---------- INPUT DATA ----------

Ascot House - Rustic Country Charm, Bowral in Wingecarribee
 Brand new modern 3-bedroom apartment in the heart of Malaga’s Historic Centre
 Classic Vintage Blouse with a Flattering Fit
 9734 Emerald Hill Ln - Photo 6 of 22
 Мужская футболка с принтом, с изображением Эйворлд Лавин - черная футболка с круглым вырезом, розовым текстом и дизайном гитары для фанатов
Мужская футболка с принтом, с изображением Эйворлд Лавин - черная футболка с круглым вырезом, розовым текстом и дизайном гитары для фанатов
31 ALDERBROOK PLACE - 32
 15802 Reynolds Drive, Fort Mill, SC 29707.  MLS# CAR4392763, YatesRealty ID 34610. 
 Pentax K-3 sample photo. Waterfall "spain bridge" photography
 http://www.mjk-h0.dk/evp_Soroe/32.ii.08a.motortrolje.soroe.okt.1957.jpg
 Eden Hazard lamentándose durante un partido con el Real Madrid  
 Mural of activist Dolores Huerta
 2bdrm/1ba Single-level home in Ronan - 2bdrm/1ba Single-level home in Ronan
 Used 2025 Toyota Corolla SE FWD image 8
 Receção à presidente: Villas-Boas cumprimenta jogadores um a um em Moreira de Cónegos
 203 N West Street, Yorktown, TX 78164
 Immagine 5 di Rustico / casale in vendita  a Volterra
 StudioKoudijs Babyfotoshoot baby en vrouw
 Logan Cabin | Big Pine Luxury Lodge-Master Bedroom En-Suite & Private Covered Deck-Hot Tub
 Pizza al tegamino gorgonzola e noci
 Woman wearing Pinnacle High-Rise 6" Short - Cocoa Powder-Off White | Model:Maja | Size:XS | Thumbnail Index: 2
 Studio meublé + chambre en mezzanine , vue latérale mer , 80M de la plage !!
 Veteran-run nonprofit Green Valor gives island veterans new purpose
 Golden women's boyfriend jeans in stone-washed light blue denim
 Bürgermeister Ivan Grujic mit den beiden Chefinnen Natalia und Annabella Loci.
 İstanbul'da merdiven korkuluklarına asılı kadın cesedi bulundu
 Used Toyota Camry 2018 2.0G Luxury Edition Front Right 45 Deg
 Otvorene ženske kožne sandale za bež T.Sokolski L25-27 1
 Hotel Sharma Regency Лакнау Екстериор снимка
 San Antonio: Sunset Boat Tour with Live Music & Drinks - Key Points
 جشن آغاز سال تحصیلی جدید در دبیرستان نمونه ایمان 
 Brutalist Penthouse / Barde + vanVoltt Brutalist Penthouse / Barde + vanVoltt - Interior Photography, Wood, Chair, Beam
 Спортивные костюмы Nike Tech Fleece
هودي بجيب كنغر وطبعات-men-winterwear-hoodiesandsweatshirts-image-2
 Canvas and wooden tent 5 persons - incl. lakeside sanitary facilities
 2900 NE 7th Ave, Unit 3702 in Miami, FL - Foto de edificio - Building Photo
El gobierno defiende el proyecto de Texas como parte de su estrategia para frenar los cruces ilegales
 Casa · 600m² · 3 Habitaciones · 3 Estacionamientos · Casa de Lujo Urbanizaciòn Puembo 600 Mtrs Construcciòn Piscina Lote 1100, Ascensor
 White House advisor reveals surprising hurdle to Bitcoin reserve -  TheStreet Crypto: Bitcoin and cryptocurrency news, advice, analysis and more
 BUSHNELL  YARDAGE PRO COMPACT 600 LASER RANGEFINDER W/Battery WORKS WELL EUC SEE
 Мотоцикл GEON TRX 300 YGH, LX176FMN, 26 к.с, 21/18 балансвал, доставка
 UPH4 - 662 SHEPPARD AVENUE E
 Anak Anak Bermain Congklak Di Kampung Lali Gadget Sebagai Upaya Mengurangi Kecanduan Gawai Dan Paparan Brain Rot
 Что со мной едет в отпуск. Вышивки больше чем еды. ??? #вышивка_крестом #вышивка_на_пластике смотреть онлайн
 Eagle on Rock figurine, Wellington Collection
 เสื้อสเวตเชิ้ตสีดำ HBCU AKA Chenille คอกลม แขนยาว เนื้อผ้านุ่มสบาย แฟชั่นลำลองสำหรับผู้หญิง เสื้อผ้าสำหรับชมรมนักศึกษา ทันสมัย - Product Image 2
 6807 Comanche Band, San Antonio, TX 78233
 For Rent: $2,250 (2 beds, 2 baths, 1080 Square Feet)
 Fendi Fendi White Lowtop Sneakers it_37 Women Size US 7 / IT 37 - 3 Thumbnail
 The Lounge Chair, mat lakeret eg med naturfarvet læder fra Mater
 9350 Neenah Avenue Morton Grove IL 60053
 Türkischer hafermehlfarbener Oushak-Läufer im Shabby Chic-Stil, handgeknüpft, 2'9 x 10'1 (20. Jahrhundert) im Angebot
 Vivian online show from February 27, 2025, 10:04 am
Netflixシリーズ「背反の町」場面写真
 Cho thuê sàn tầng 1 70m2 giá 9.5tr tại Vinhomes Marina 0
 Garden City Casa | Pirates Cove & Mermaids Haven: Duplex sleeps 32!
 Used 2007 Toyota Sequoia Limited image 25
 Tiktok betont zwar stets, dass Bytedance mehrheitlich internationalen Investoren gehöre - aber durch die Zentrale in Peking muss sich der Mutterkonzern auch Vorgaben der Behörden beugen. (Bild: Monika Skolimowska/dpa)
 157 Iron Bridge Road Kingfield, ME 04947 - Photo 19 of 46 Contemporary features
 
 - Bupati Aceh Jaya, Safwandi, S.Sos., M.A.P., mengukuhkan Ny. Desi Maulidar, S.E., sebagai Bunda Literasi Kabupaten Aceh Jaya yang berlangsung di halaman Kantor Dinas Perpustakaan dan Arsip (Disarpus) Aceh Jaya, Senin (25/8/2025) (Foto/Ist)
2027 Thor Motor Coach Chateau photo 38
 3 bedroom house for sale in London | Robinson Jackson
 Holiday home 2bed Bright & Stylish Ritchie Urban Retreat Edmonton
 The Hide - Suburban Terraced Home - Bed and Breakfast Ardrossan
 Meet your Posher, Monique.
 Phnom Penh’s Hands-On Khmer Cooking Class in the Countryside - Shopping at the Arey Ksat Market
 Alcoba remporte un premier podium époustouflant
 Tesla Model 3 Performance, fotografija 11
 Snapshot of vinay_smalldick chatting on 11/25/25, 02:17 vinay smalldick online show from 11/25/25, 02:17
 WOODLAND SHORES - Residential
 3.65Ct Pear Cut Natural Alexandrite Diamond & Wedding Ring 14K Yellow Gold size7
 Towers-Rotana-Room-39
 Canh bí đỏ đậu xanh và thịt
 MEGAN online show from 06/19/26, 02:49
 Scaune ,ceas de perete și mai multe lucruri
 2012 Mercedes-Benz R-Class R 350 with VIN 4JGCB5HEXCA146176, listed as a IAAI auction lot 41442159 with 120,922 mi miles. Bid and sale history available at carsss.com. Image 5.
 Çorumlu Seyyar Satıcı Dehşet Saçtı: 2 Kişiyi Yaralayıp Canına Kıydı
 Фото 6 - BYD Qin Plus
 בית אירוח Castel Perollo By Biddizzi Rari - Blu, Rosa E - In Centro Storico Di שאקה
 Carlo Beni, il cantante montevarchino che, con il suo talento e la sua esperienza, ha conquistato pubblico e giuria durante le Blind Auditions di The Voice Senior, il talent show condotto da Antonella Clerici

----------

YOUR OBJECTIVE | The answer is the lines above between the line holding "15802 Reynolds Drive, Fort" and the line holding "Woman wearing Pinnacle", inclusive, each written out exactly, and no others.

EXPECTED ANSWER |
 15802 Reynolds Drive, Fort Mill, SC 29707.  MLS# CAR4392763, YatesRealty ID 34610. 
 Pentax K-3 sample photo. Waterfall "spain bridge" photography
 http://www.mjk-h0.dk/evp_Soroe/32.ii.08a.motortrolje.soroe.okt.1957.jpg
 Eden Hazard lamentándose durante un partido con el Real Madrid  
 Mural of activist Dolores Huerta
 2bdrm/1ba Single-level home in Ronan - 2bdrm/1ba Single-level home in Ronan
 Used 2025 Toyota Corolla SE FWD image 8
 Receção à presidente: Villas-Boas cumprimenta jogadores um a um em Moreira de Cónegos
 203 N West Street, Yorktown, TX 78164
 Immagine 5 di Rustico / casale in vendita  a Volterra
 StudioKoudijs Babyfotoshoot baby en vrouw
 Logan Cabin | Big Pine Luxury Lodge-Master Bedroom En-Suite & Private Covered Deck-Hot Tub
 Pizza al tegamino gorgonzola e noci
 Woman wearing Pinnacle High-Rise 6" Short - Cocoa Powder-Off White | Model:Maja | Size:XS | Thumbnail Index: 2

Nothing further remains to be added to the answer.